Dikatakan sia-sia, karena pada akhirnya kita akan menjumpai para kandidat yang seragam. Sama-sama lihai menyusun, memoles, dan menawarkan visi-misi juga program kerja. Mudah saja menemukan hal ini melalui debat kandidat yang disiarkan kepada publik. Para kandidat juga sama-sama disokong partai politik yang meskipun beda partai tapi wujud aslinya mirip: racun di dalam botol berlabel madu. Kelihatannya madu, setelah dicercap menimbulkan keracunan. Para kandidat ini juga sama-sama mengolah modal finansial besar menjadi elektabilitas. Padahal kita tidak mengetahui siapa pemodal politiknya. Dan, apa konsesi yang bakal diberikan kepada si pemodal politik ketika seorang calon terpilih.

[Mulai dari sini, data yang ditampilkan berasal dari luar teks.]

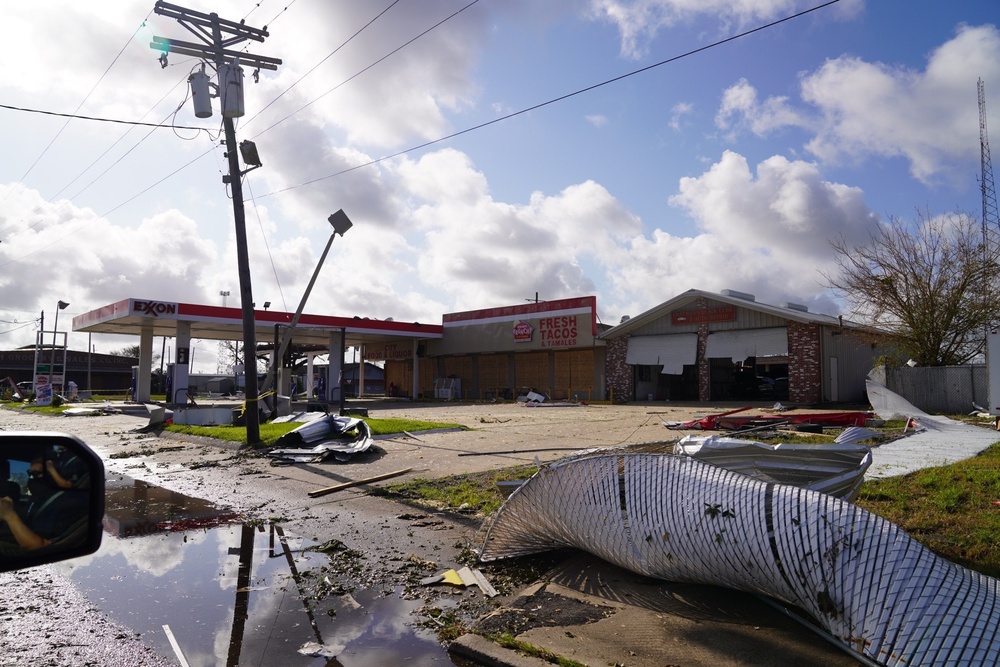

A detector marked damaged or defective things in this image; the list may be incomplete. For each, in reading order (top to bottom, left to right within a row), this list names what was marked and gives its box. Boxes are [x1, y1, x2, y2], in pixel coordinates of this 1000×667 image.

damaged storefront [372, 298, 604, 402]
torn metal sheeting [478, 454, 1000, 667] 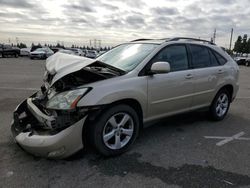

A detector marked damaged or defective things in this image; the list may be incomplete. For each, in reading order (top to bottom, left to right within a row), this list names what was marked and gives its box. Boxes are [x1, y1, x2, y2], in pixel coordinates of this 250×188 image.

crushed hood [45, 52, 96, 84]
damaged suv [10, 38, 239, 159]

Pada 2016 KPK menyampaikan hasil kajian tentang Potensi Benturan Kepentingan pada Pendanaan Pilkada yang bisa kita baca melalui Majalah Integrito vol 52/VII/Jul-Agustus 2016. Kajian tersebut menggambarkan konsekuensi sumbangan yang akan dibayarkan setelah calon terpilih. Yaitu, berupa kemudahan perizinan (65,7%), kemudahan akses menjabat di pemerintahah (60,1%), kemudahan dalam pengadaan barang/jasa pemerintah (64,7%), keamanan dalam menjalankan bisnis (61,5%), mendapatkan akses dalam menentukan kebijakan/peraturan daerah (49,3%), dan mendapatkan bantuan sosial/hibah (51,7%). Kita yang mengangkatnya dengan memberikan suara hanya beroleh remah-remah. Itu pun kalau mereka ingat rakyatnya.

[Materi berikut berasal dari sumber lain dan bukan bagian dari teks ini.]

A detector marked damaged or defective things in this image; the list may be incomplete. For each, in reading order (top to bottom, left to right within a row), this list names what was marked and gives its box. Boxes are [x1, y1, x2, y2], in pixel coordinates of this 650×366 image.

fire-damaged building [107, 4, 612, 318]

Oke, ada yang memilih karena ikut suara ulama, kiai, pendeta, atau katakanlah pemimpin agama. Apa bisa jadi jaminan? Belum tentu. Toh, kandidat yang saling bertarung pun sama-sama didukung pemimpin agama. Misalnya, satunya mendaku dapat restu dari poros ulama khos. Satunya mengaku memperoleh dorongan dari ulama yang mendapatkan restu langit. Dan, satunya lagi mendeklarasikan telah mengantongi tanda tangan para pewaris nabi. Kenyataannya memang begitu.
Sekali lagi, patronase politik kepada tokoh agama belum bisa jadi jaminan. Lah, kepala daerah yang beberapa bulan terakhir ini ditangkap KPK, dulunya juga didukung para ulama. Bupati Jombang, Walikota Blitar, Walikota Malang, Walikota Batu, dan masih banyak lainnya dulu ketika pemilihan juga direstui bahkan dibantu oleh para tokoh agama. Namanya ijtihad politik; bisa keliru, tapi bisa juga tepat.
Pastinya, apapun pilihan kita pada 27 Juni besok, seyogianya berangkat dari pertimbangan yang matang. Tidak asal memilih sekaligus mengikuti pilihan politik orang lain. Bahkan, tidak memilih pun tidak jadi soal. Demokrasi mensyaratkan setiap rakyat untuk berpikir, menalar, bukan begitu saja percaya. Apalagi mengkultuskan. Di sinilah letak proses politik semacam pilkada dapat menjadi sarana pendidikan politik yang mengemansipasi. Bukan membodohi.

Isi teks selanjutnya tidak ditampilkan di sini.